Warren, voorganger en gemeentestichter, schrijft in zijn boek: “De snelste manier om een brug te slaan naar de ‘niet-kerkelijken’, is om belangstelling voor hen te tonen en te laten zien dat we de problemen begrijpen waarmee ze te maken hebben” (2003, pp. 37). Hij zegt dat mensen pas kunnen luisteren als er naar hen wordt geluisterd. Fitch (2016) gaat hierin naar mijn beleving verder. Het gevaar bij de luisterhouding die Warren beschrijft, is dat we ‘luisteren’ interpreteren als: Wachten tot de ander klaar is met spreken, zodat we ons verhaal kunnen doen. Bij Fitch lees ik tussen de regels door dat hij met een zodanige interesse luistert naar het verhaal van de ander dat het hem niet alleen raakt, maar dat hij zichzelf wil verbinden met de ander. Aan deze tafel zijn we te gast bij de ander, maar we mogen wel onszelf zijn.
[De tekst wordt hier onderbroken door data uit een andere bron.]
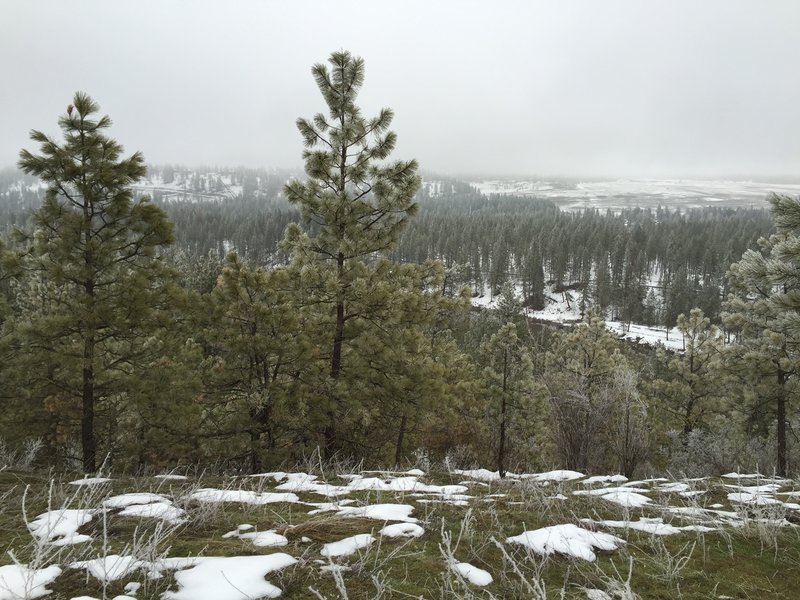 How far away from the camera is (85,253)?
804 centimetres

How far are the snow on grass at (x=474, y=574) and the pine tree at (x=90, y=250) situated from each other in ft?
25.1

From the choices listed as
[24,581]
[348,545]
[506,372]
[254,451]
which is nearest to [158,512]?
[24,581]

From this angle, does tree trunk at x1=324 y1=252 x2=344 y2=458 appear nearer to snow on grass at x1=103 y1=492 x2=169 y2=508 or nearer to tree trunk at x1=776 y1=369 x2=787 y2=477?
snow on grass at x1=103 y1=492 x2=169 y2=508

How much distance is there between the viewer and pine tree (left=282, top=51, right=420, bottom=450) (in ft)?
31.4

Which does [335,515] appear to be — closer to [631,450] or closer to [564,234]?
[631,450]

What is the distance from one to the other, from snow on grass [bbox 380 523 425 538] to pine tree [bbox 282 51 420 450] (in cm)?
620

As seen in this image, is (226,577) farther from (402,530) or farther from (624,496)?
(624,496)

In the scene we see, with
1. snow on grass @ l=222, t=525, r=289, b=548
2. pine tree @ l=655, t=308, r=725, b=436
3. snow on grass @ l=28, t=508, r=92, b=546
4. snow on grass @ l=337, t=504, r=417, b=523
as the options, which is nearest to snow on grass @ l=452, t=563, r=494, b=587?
snow on grass @ l=337, t=504, r=417, b=523

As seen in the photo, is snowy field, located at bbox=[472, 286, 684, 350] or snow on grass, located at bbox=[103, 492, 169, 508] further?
snowy field, located at bbox=[472, 286, 684, 350]

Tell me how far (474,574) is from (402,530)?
0.82 meters

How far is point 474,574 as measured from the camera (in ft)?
8.50

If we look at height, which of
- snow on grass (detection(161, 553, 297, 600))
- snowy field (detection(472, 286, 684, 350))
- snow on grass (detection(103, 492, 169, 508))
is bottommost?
snowy field (detection(472, 286, 684, 350))

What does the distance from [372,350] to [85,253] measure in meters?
5.69

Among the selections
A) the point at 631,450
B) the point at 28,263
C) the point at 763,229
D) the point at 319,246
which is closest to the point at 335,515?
the point at 319,246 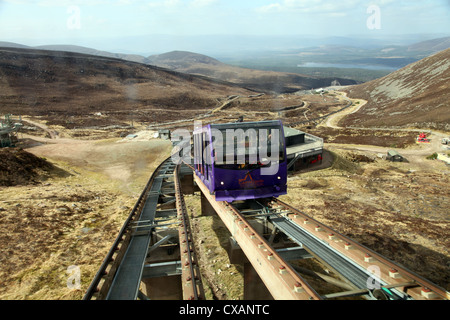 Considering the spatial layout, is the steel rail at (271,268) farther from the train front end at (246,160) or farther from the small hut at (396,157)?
the small hut at (396,157)

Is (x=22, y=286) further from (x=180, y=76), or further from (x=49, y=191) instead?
(x=180, y=76)

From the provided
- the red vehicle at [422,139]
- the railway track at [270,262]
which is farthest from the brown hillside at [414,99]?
the railway track at [270,262]

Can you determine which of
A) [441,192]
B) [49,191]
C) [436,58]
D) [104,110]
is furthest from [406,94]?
[49,191]

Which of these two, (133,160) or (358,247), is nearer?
(358,247)

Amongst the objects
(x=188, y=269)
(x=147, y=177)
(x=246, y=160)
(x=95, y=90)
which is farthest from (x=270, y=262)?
(x=95, y=90)

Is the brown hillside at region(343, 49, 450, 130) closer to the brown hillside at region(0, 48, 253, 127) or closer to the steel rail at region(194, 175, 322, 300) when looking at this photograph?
the brown hillside at region(0, 48, 253, 127)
Als ons op de man af wordt gevraagd wie we dienen, wat ons drijft en waarom we soms wereldvreemd lijken, zullen we daar ook vrij over spreken. En dat brengt ons weer bij de tafel waar Jezus de Gastheer is. Dé plek bij uitstek waar we ons kunnen richten op Zijn Aanwezigheid.
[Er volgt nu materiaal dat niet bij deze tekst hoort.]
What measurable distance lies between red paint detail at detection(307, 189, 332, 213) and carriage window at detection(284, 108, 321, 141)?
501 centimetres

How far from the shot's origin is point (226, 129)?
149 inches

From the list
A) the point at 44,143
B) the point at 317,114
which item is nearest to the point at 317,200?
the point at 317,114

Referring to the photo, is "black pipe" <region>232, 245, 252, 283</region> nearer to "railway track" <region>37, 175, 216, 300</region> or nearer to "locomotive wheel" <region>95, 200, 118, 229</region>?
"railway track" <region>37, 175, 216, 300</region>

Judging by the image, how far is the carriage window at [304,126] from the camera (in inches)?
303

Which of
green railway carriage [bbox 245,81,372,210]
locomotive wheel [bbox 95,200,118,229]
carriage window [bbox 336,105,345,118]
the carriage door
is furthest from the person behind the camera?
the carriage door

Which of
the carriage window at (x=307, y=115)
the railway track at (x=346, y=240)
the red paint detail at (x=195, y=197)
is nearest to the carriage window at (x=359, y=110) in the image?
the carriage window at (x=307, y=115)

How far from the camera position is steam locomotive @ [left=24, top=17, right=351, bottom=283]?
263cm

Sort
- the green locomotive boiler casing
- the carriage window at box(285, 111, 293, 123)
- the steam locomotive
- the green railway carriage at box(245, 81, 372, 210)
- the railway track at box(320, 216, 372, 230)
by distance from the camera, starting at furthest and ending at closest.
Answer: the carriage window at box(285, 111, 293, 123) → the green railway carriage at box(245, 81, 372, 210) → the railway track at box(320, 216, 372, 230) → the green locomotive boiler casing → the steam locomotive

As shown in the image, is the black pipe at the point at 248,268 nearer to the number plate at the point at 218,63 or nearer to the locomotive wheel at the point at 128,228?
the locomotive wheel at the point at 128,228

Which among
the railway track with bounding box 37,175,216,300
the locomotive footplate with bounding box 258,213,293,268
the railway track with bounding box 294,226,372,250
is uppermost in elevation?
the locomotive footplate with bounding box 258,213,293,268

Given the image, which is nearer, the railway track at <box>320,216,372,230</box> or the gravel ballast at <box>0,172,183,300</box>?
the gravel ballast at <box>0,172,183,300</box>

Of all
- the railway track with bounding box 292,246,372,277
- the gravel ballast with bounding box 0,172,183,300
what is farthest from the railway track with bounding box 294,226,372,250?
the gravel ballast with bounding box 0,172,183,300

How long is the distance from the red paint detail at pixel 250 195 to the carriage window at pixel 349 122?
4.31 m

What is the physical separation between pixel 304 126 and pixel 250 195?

Het gevaar is groot in onze individualistische samenleving dat we de connectie zoeken met God in onze stille tijd. En dat is goed, begrijp me niet verkeerd. Hoe vaak lezen we wel niet in de evangeliën dat Jezus de berg op ging om daar te bidden? Houdt u stille tijd? Stop daar niet mee! Maar laten we met z’n allen niet vergeten dat er meer is, een groter doel. We dienen een God van relaties. Hij zelf is de perfecte relatie in Zichzelf (Grenz, 1998) en Zijn gebed is het dat wij ook zo een eenheid zullen vormen. Jezus leerde zijn discipelen niet bidden: “Mijn Vader die in de hemel is”, maar: “Onze Vader die in de hemel is”. Laten we niet alleen één op één gesprekken hebben met de Vader, maar laten we Zijn aanwezigheid zoeken met elkaar. Belangrijk hierin is de tafel waar Hij ons uitnodigt. Dat is de Avondmaalstafel waar Hij aan Zijn leerlingen liet zien hoe Hij de weg vrij zou maken naar de Vader.
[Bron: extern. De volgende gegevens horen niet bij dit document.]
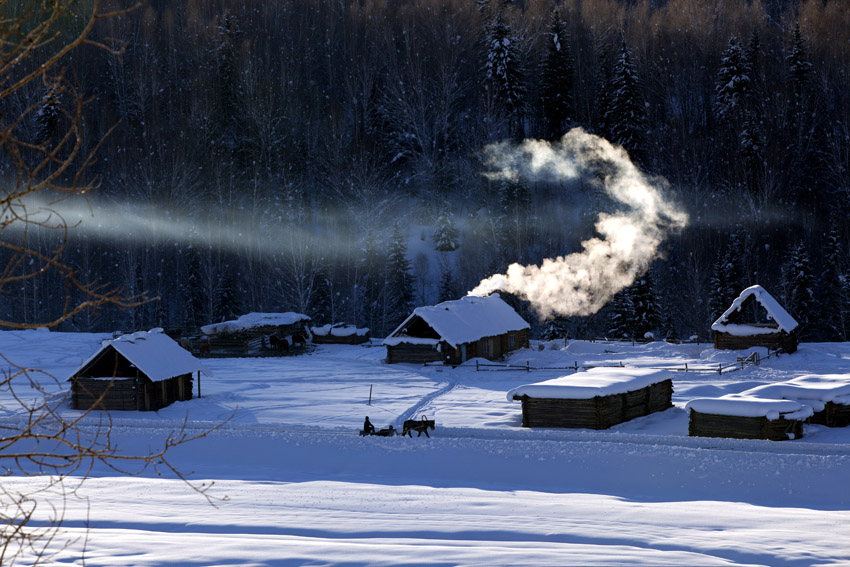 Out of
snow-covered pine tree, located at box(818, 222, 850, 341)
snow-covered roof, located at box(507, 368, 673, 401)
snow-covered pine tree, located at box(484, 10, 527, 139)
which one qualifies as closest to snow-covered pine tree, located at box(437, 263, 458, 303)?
snow-covered pine tree, located at box(484, 10, 527, 139)

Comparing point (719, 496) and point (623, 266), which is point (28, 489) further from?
point (623, 266)

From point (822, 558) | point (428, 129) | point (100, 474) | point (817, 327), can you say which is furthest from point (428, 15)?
point (822, 558)

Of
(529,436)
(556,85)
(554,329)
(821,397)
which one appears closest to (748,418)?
(821,397)

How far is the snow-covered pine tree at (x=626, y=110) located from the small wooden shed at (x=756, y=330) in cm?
2218

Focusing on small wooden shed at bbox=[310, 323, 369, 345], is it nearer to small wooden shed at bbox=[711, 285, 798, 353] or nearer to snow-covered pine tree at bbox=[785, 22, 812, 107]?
small wooden shed at bbox=[711, 285, 798, 353]

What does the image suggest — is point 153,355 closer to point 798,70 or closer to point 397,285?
point 397,285

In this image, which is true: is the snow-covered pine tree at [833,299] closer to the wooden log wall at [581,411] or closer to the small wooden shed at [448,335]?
the small wooden shed at [448,335]

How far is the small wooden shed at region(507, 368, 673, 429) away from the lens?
80.4ft

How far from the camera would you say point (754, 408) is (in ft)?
72.5

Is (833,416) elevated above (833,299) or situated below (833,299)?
below

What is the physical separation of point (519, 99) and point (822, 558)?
5730 centimetres

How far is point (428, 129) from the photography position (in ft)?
232

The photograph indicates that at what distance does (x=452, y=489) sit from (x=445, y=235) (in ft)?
146

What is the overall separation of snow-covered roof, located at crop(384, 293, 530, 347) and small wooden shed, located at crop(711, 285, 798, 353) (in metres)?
11.3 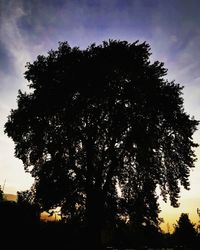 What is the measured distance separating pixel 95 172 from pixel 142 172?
4.22 metres

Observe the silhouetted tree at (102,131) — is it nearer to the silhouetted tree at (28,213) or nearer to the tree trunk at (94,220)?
the tree trunk at (94,220)

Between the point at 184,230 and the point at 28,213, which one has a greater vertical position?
the point at 184,230

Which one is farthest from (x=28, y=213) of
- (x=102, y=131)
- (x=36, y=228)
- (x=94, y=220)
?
(x=102, y=131)

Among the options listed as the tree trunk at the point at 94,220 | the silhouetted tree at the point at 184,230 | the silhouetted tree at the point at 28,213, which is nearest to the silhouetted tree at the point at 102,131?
the tree trunk at the point at 94,220

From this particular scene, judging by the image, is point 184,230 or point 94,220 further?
point 184,230

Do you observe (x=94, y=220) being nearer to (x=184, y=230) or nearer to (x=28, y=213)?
(x=28, y=213)

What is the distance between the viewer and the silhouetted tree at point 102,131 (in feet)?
76.7

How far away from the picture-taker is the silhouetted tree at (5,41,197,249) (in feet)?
76.7

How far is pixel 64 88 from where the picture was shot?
23.6 metres

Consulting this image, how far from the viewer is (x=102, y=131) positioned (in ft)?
78.4

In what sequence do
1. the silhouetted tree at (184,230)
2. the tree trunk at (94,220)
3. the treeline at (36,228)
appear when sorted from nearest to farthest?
the treeline at (36,228), the tree trunk at (94,220), the silhouetted tree at (184,230)

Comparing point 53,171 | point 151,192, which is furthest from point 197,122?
point 53,171

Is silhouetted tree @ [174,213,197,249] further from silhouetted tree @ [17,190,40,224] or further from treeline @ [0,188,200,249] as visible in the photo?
silhouetted tree @ [17,190,40,224]

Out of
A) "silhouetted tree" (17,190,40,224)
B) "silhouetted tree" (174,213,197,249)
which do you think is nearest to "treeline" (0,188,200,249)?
"silhouetted tree" (17,190,40,224) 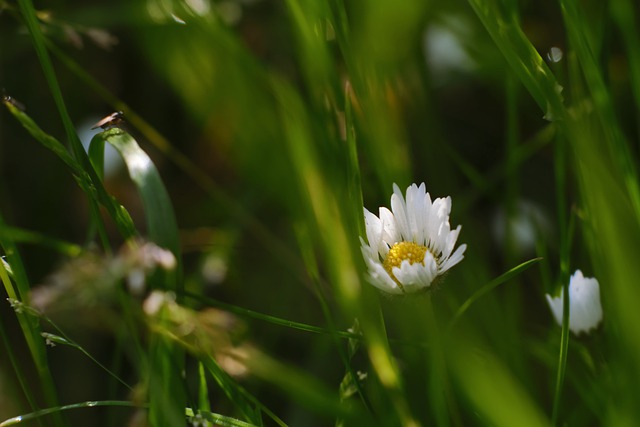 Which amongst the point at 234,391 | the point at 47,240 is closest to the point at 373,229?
the point at 234,391

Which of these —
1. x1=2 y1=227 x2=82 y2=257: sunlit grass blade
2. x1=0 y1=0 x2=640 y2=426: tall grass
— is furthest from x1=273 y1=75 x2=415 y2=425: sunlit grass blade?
x1=2 y1=227 x2=82 y2=257: sunlit grass blade

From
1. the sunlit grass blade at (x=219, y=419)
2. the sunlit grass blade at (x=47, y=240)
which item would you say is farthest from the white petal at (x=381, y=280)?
the sunlit grass blade at (x=47, y=240)

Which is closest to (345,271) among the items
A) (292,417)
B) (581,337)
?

De discipelen waren getuigen van zo’n fenomenaal punt in geschiedenis. Fascinerend is het om slechts een paar verzen verder te lezen dat deze twaalf een discussie kregen over wie van hen de belangrijkste is in het Koninkrijk van God. Is dit niet een beschamende spiegel voor onszelf? In het klein doen we dat, we maken ons bijvoorbeeld zorgen over onze eigen positie. Maar ook groter doen we dat, we kijken neer op hele denominaties. En zelfs kunnen we ons oordeel klaar hebben over andere culturen, de Amerikanen met hun megakerken bijvoorbeeld?
Ik wil terug naar de kern, ik wil terug naar de overweldigende liefde van Jezus die geen slechte mensen goed maakt, maar dode mensen leven geeft. We zijn bedoeld voor liefde. Aan de tafel van de Heer kunnen we elkaar aankijken, kunnen we leren beseffen dat het niet gaat om de vorm of muziek. Zelfs niet om zaken als leiderschap, format, vrouwen in het ambt of hoe we het jeugdwerk aankleden. Het gaat erom dat God daar aanwezig is en wij mogen genieten en ontvangen. Mogen zíjn, met elkaar, voor Hem. Gewoon zoals we zijn, de rest verbleekt. Daar is een plek waar Hij ons kan vullen. En als Hij ons vult vloeien daar stromen van levend water uit voort. Deze plek hebben we nodig voor de keren in de week dat we zelf gastheren zijn of mogen aanzitten aan de tafels van anderen.
Ik en de meeste mensen met mij hebben behoefte aan concrete zaken. Iets kan heel mooi klinken, maar als er geen ‘hoe dan’ volgt is het lastig. Concreet adviseer ik als eerste om weer avondmaal te gaan vieren zoals het is bedoeld. Daarmee niet ‘bedoeld’ in de zin van aan tafel, in rijtjes, in een kring, matses, brood, druivensap of wijn. Laten we onze energie steken in ons gebed en vragen om een dieper besef van Zijn aanwezigheid tijdens het Avondmaal. Want Hij heeft ons beloofd aanwezig te zijn in ons midden (Mat. 18:20), maar maken wij nog plaats voor Hem? Verder is het van belang om niet aan het Avondmaal te gaan, als je niet bereidt bent de mindere te zijn in een dispuut met een broer of zus. Laten we onszelf blijven toetsen zoals Paulus ons aanbeveelt in 1 Korinthe 11:31. En zoals Jezus jou heeft verzoent met God de Vader, zo wil Hij ook verzoening onderling. Ten derde, besef dat het avondmaal niet stopt bij dat kwartier op zondagmorgen. Daar begint het. Jezus heeft gezegd dat Hij bij ons zal Zijn tot aan de voleinding van de wereld. We kunnen de grote opdracht, de wereld ingaan en discipelen maken, niet uitvoeren zonder een beginpunt (Mat. 28: 18-20; Warren, 2003). Een beginpunt waar we Jezus mogen ontmoeten en kwetsbaar mogen leren Zijn naar elkaar. Ondanks elkaars verschillen, of sterker nog, dankzij onze verschillen. Ik kan het niet vaak genoeg benadrukken: Met alle heiligen samen kunnen we pas de lengte en de breedte, de hoogte en de diepte van de liefde van Christus leren kennen (Ef. 3:18-19). Kortom we hebben elkaar nodig. Wat je smaak, kleur of denominatie ook is.